• Problem requirements: Go through the following data and transcribe exactly the stretch of lines from the one holding "Zwanzer Plotterfolie Textil,30.5cm×" to the one holding "Armoire de salle", both included.
[[ Provided records open ]]
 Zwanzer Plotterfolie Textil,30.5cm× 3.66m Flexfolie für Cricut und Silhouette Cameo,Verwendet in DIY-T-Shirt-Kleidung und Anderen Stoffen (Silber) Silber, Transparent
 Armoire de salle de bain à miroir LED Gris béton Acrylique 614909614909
[[ Provided records closed ]]
[[ Provided records open ]]
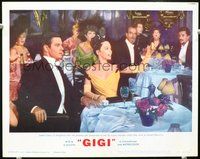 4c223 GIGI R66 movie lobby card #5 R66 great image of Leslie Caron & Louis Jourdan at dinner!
[[ Provided records closed ]]
• Your response:
 Zwanzer Plotterfolie Textil,30.5cm× 3.66m Flexfolie für Cricut und Silhouette Cameo,Verwendet in DIY-T-Shirt-Kleidung und Anderen Stoffen (Silber) Silber, Transparent
 Armoire de salle de bain à miroir LED Gris béton Acrylique 614909614909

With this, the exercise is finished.